According to our sister paper The Manica Post, the demonstrations followed statements by a 17-year-old Form Three pupil to the effect that she was no longer interested in killing people.
She was quoted saying she was initiated by simply accepting a chocolate from a Satanist colleague, adding that 398 female and two male pupils were Satanists.
“Each of the 400 students initiated into Satanism had a big black snake that one would leave behind in bed or in class each time they went out for their routine blood sucking errands,” The Manica Post reported.
Provincial education director Mr Edward Shumba reportedly rushed to the school to investigate.
And Dr Dokora said apart from this possibly being a case of hysteria, people jealous of the teacher in question — who has a 100 percent pass rate — could have stirred the allegations.
“She lives in the same community; she might have some misunderstandings with people in the area which might have prompted the whole thing. There is a story behind the whole saga that happened at the school which is not Satanism therefore the ministry cannot involve itself in such,” he said.
“School children have a tendency of behaving in a hysterical manner especially when they are in a group. The parents who claim that their children travelled to India are subject of psychiatric chairs or else they need rehabilitation.”

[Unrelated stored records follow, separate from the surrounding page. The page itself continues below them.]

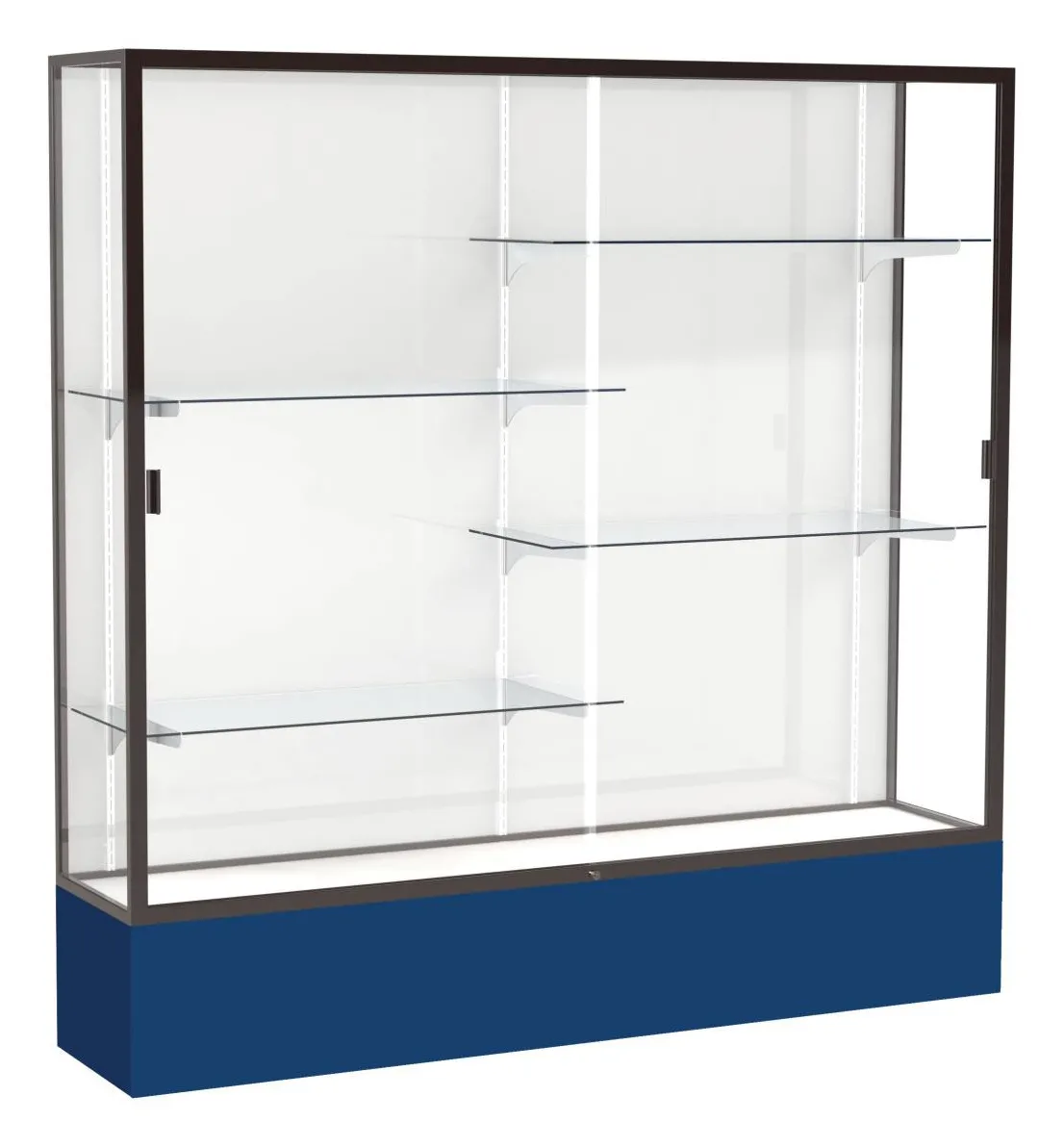 small large glass display case 72 x 72 14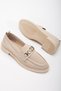 Cher Women's Beige Daily Orthopedic Butterfly Detailed Ballerinas - 2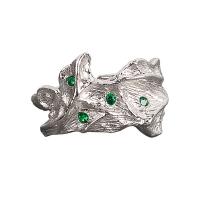 925 sterline d'argento Anelli Cuff, placcato, Regolabile & per la donna & con strass, nessuno, 12.40mm, Misura:13, Venduto da PC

He added that the pressure of mid-term testing could also be to blame.
A Professor of Religion who declined to be named concurred with the minister, saying such things could happen as children succumbed to stress.

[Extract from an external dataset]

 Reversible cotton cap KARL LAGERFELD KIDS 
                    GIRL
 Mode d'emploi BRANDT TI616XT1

Another religion expert, Dr David Bishau, added: “Satanism is in itself a secret religion and it would be very difficult for the alleged teacher to have initiated 400 school children at once unless she confessed that it was her intention to do so.”

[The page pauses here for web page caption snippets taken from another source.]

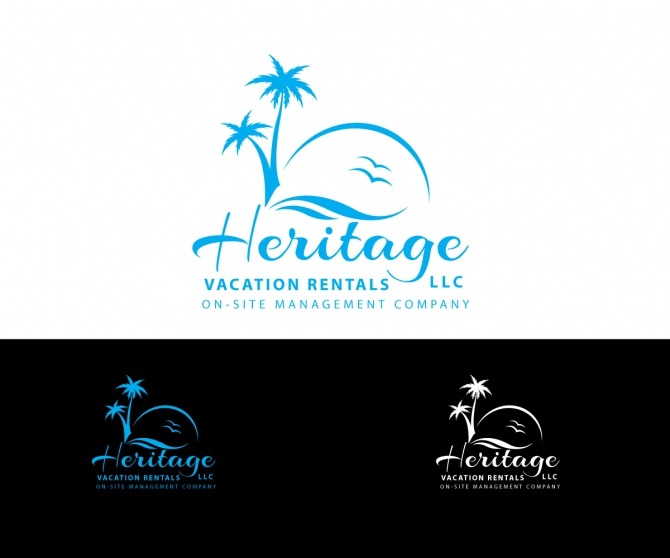 Playful  Bold  Tourism Logo Design For Heritage Vacation Rentals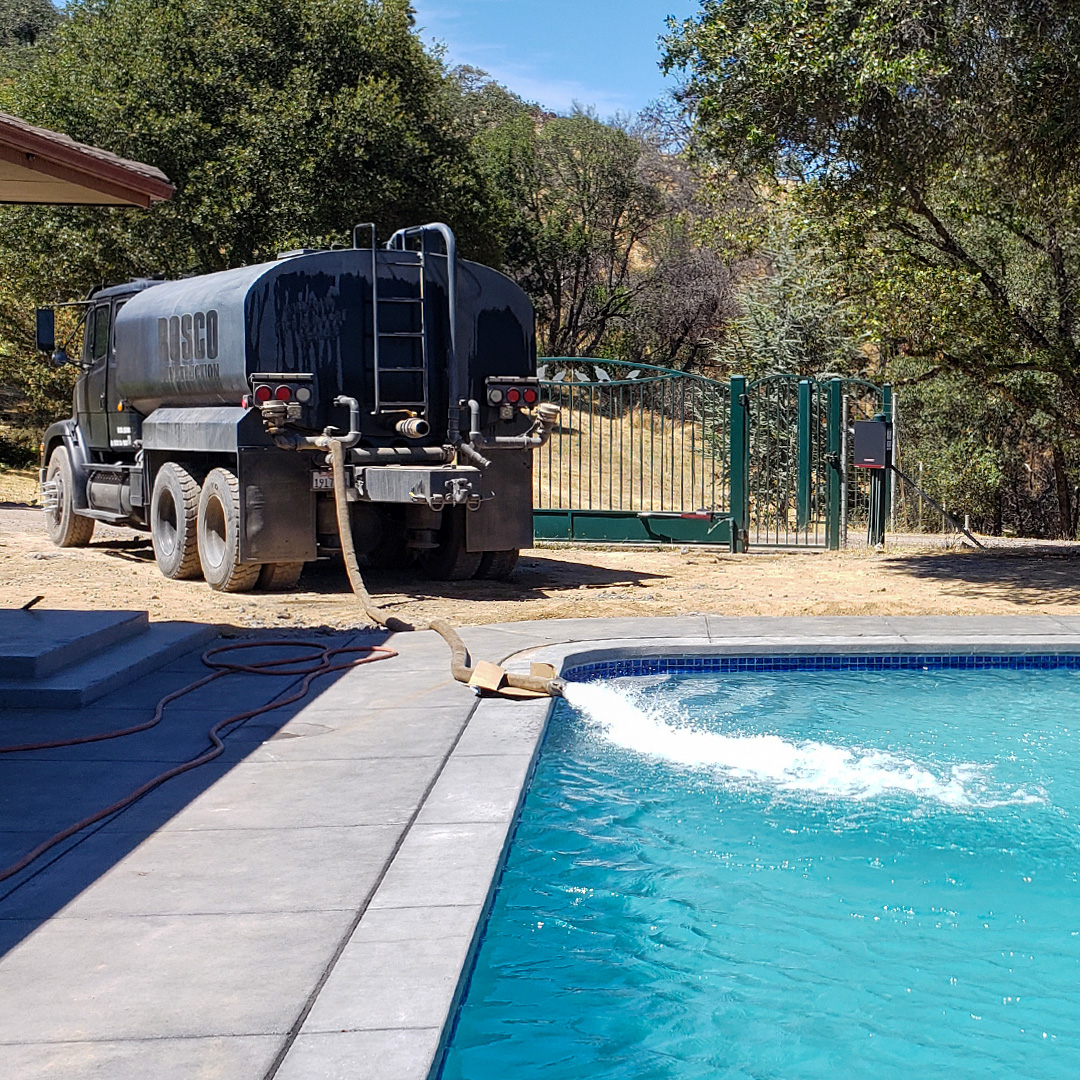 Pool & Pond Filling Services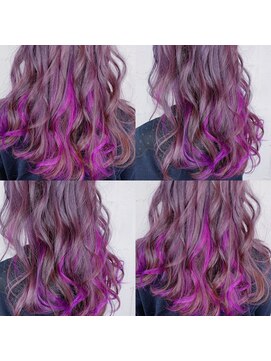 キジ(KIJI) ★ピンクバイオレット×ショッキングパープル★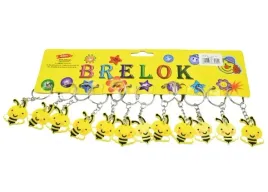 pszczolki-zolty-brelok-do-kluczy-zawieszka-12szt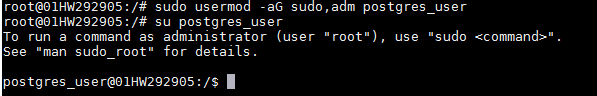 to add as sudo user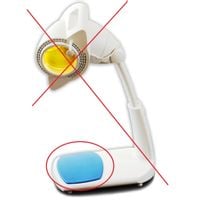 MATA (NIEBIESKA) + RZEPY DO BIOPTRON PRO 1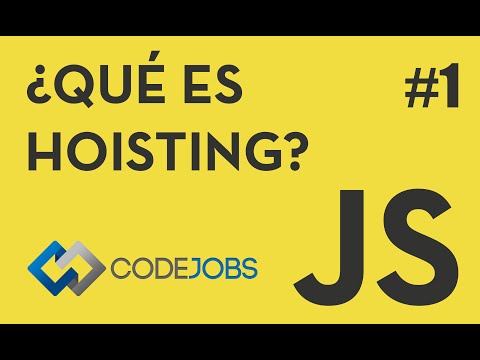 JavaScript es fácil: ¿Qué es el Hoisting? #1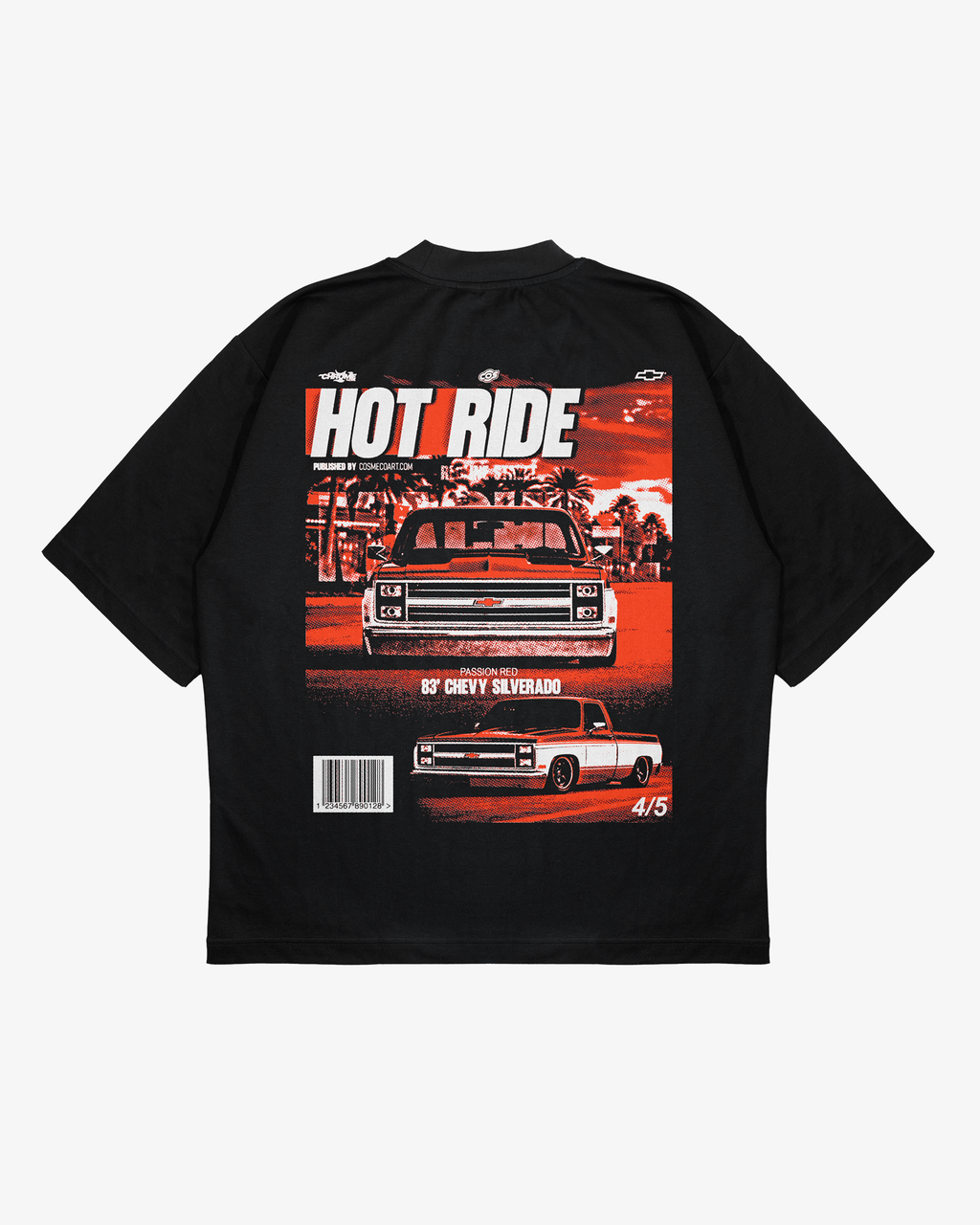 Square Body Chevy Silverado Graphic Tee – Classic Truck Shirt – 4 of 5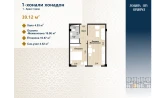 1-xonali xonadon 78.38 m²  1/11 qavat | Zangota City 1 -ETAP Turar-joy majmuasi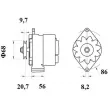 Alternateur MAHLE MG 217 - Visuel 2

As reported by The Sunday Mail on April 7, 2013, traditionalists link hysteria to evil spirits.
“On the other hand scientists point to a minor brain disorder while the general population believes it is Satanism,” it was reported.
An online source also says, “Hysteria is caused by emotional excitability, such as fear or panic, and disturbance of the sensory, motor and psychic functions of humans. It can be a result of past trauma, undue stress, history of abuse and repression of sexual feelings.
‘‘Psychologists further describe hysteria as an overwhelming and unmanageable excitable behaviour.”
In 2009, 56 pupils at Eaglesvale High School in Harare reportedly transferred from the elite school amid reports of mass hysteria blamed on a “cult”.
The children were said to be speaking in strange voices, fought each other, and damaged walls and windows.
At Nemamwa Primary school in Masvingo the same year, pupils reportedly started screaming wildly and complaining of visions of snake-like creatures at the Reformed Church in Zimbabwe-run institution.
Masvingo had another such case in 2011 at Mashoko High School where suspected mass hysteria affected hundreds of pupils as the children spontaneously screamed, ran and fell while mumbling inaudibly before becoming unconscious.
Another case was reported in 2012 at Yemuranai Primary School in Mufakose, Harare where over 30 pupils became hysterical, among them Grade One and Two children who became violent, exhibited extraordinary strength and spoke in unusual voices.
Fast forward to 2013, female students at Neshaya Secondary School in Hwange said they saw their headmaster carrying a bottle filled with hot blood.
Four girls are said to have fainted, prompting parents to withdraw their children from the school before it was temporarily closed after some pupils boycotted classes.